Cache cleanup does not remove empty directories

Showing 1-7 of 7 messages
Cache cleanup does not remove empty directories Mark Breedlove 4/25/12 10:03 AM
I have a site that does wildcard virtual hosting, such that I have a
VirtualHost with:
ServerAlias *.example.com
... and the web application that powers the site interprets the
hostname to determine what content to serve, in this case, pages for
the numerous users of the site.  E.g. person.example.com.

As a result, thousands of cache directories are created under /var/www/
mod_pagespeed/cache.  Cache cleanup seems to work as intended, and
removes old regular files from these directories.  However, it does
not remove the empty directories for the various virtual hosts.  As a
result, the inode count on the server becomes pretty high after a few
days (greater than a million).

Example:
/var/www/mod_pagespeed/cache/http,3A/,2Fusername.example.com/css
... will be empty

Ideally, in my case, where not all of these sites get visited that
often, these directories would be deleted.  I am wondering if the high
directory count is contributing to higher i/o latency than one would
normally like to see on this server.  On this server, the inode count
on the relevant partition can get above 1.5 million in a few days.  It
seems that when I completely purge the cache directory (via shutdown,
mv directory, restart, delete old directory), iowait drops for a day
or two and the inode count drops to the tens of thousands.

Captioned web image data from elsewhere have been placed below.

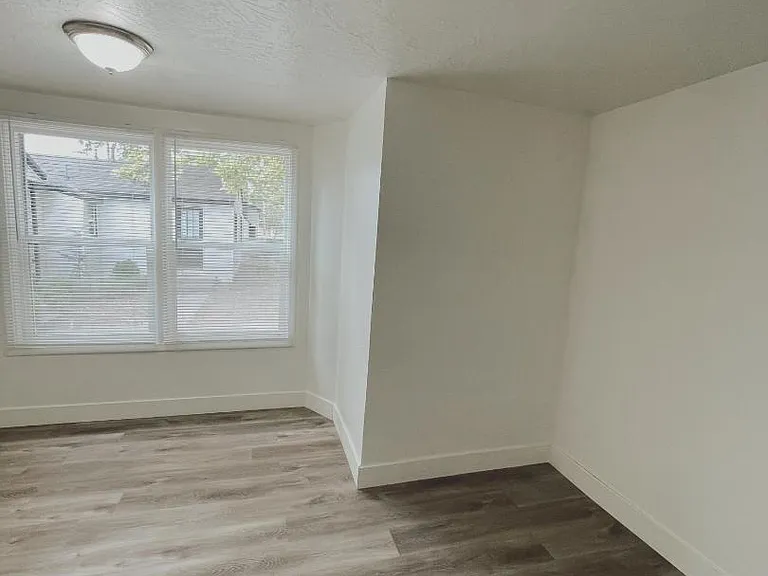 753 E Scott Ave — Photo 7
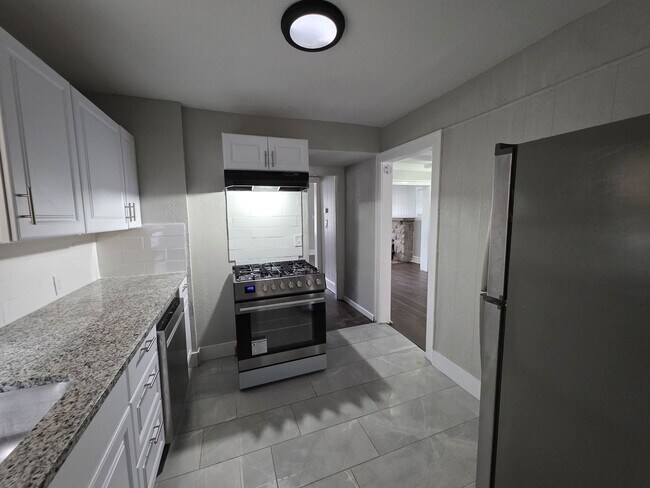 Building Photo - Spacious 4 Bedroom Home with Classic Charm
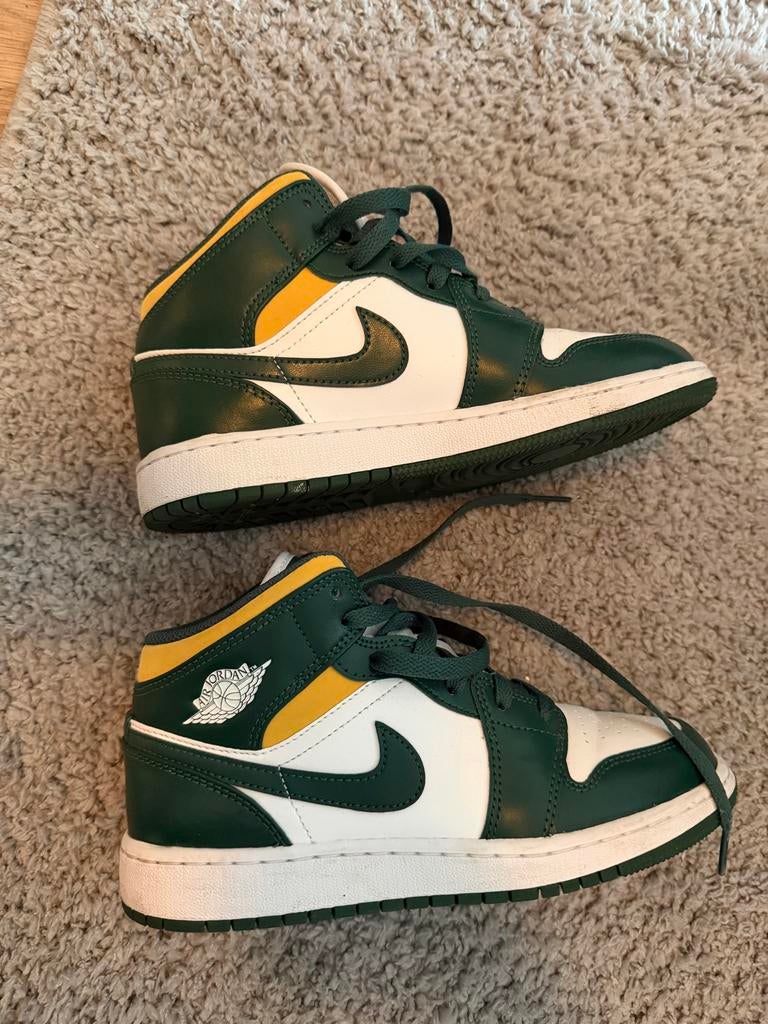Nike Air Jordan 1 Mid SE 'Pine Green' sneakers, Ophalen of Verzenden, Zo goed als nieuw, Groen, Sneakers of Gympen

Is it safe for me to run a script that periodically removes empty
directories from /var/www/mod_pagespeed/cache?

Should I fill out an issue in the issue tracker to request that old
cache subdirectories be removed?

Thanks in advance!
Re: Cache cleanup does not remove empty directories jmarantz 4/25/12 2:23 PM
I think you've nailed it.  This is a great corner-case we didn't think about in our caching design, when there are huge numbers of domains in one server.

Periodically purging the empty directories should be fine.  I'd recommend using "rmdir" rather than "rm -rf" in case something was writing into the directory while you were removing it.

Let us know if this helps resolve the issue, or whether the performance of your system still looks like a problem.  A resolution we could consider is to add a pagespeed.conf option to synthesize some more hierarchy our cache directories.  I wouldn't want to change our default behavior as adding the hierarchy may slow down performance when there are a smaller number of domains.

-Josh
Re: Cache cleanup does not remove empty directories Matt Atterbury 4/26/12 5:18 AM
Periodically purging the empty directories should be fine.  I'd recommend using "rmdir" rather than "rm -rf" in case something was writing into the directory while you were removing it.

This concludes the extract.